TASK PROMPT
Only the records, repeated exactly, should make up the response.

(Caption-style text data)
+++
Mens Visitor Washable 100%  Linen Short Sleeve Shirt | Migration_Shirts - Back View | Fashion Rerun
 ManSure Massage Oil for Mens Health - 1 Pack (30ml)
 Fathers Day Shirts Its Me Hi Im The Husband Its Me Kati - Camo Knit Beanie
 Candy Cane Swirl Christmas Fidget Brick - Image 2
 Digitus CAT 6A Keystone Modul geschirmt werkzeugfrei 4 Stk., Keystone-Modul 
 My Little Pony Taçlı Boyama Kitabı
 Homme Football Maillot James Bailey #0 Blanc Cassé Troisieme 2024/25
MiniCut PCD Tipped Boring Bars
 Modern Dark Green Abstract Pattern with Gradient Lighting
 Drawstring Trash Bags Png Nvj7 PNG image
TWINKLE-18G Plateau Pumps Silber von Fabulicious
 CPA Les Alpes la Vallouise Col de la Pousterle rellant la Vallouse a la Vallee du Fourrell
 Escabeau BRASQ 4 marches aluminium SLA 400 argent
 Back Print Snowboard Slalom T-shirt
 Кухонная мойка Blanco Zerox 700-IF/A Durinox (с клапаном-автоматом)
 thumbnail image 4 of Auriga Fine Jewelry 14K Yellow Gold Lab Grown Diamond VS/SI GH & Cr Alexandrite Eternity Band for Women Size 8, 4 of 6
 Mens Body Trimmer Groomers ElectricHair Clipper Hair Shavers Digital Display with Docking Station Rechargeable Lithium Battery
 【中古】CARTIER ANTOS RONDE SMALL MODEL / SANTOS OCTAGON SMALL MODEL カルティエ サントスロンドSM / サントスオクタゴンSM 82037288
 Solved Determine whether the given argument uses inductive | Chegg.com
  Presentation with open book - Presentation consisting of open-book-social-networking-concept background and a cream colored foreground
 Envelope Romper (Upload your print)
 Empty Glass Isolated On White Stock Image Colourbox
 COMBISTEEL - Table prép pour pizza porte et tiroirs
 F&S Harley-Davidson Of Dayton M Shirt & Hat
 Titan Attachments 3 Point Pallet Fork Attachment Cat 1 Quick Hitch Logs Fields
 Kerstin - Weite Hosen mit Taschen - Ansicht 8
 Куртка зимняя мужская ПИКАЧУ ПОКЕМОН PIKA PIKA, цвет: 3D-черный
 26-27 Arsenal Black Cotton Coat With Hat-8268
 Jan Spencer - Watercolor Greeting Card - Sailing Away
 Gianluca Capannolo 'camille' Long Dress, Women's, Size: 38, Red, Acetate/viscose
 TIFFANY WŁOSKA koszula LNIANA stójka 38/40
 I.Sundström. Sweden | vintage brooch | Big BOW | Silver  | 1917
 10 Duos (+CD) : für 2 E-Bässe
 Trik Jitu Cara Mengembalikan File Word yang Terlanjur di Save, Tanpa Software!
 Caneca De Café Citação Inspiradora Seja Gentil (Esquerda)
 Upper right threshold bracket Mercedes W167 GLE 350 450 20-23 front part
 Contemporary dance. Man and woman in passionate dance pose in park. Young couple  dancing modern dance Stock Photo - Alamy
+++
ANSWER BELOW
Mens Visitor Washable 100%  Linen Short Sleeve Shirt | Migration_Shirts - Back View | Fashion Rerun
 ManSure Massage Oil for Mens Health - 1 Pack (30ml)
 Fathers Day Shirts Its Me Hi Im The Husband Its Me Kati - Camo Knit Beanie
 Candy Cane Swirl Christmas Fidget Brick - Image 2
 Digitus CAT 6A Keystone Modul geschirmt werkzeugfrei 4 Stk., Keystone-Modul 
 My Little Pony Taçlı Boyama Kitabı
 Homme Football Maillot James Bailey #0 Blanc Cassé Troisieme 2024/25
MiniCut PCD Tipped Boring Bars
 Modern Dark Green Abstract Pattern with Gradient Lighting
 Drawstring Trash Bags Png Nvj7 PNG image
TWINKLE-18G Plateau Pumps Silber von Fabulicious
 CPA Les Alpes la Vallouise Col de la Pousterle rellant la Vallouse a la Vallee du Fourrell
 Escabeau BRASQ 4 marches aluminium SLA 400 argent
 Back Print Snowboard Slalom T-shirt
 Кухонная мойка Blanco Zerox 700-IF/A Durinox (с клапаном-автоматом)
 thumbnail image 4 of Auriga Fine Jewelry 14K Yellow Gold Lab Grown Diamond VS/SI GH & Cr Alexandrite Eternity Band for Women Size 8, 4 of 6
 Mens Body Trimmer Groomers ElectricHair Clipper Hair Shavers Digital Display with Docking Station Rechargeable Lithium Battery
 【中古】CARTIER ANTOS RONDE SMALL MODEL / SANTOS OCTAGON SMALL MODEL カルティエ サントスロンドSM / サントスオクタゴンSM 82037288
 Solved Determine whether the given argument uses inductive | Chegg.com
  Presentation with open book - Presentation consisting of open-book-social-networking-concept background and a cream colored foreground
 Envelope Romper (Upload your print)
 Empty Glass Isolated On White Stock Image Colourbox
 COMBISTEEL - Table prép pour pizza porte et tiroirs
 F&S Harley-Davidson Of Dayton M Shirt & Hat
 Titan Attachments 3 Point Pallet Fork Attachment Cat 1 Quick Hitch Logs Fields
 Kerstin - Weite Hosen mit Taschen - Ansicht 8
 Куртка зимняя мужская ПИКАЧУ ПОКЕМОН PIKA PIKA, цвет: 3D-черный
 26-27 Arsenal Black Cotton Coat With Hat-8268
 Jan Spencer - Watercolor Greeting Card - Sailing Away
 Gianluca Capannolo 'camille' Long Dress, Women's, Size: 38, Red, Acetate/viscose
 TIFFANY WŁOSKA koszula LNIANA stójka 38/40
 I.Sundström. Sweden | vintage brooch | Big BOW | Silver  | 1917
 10 Duos (+CD) : für 2 E-Bässe
 Trik Jitu Cara Mengembalikan File Word yang Terlanjur di Save, Tanpa Software!
 Caneca De Café Citação Inspiradora Seja Gentil (Esquerda)
 Upper right threshold bracket Mercedes W167 GLE 350 450 20-23 front part
 Contemporary dance. Man and woman in passionate dance pose in park. Young couple  dancing modern dance Stock Photo - Alamy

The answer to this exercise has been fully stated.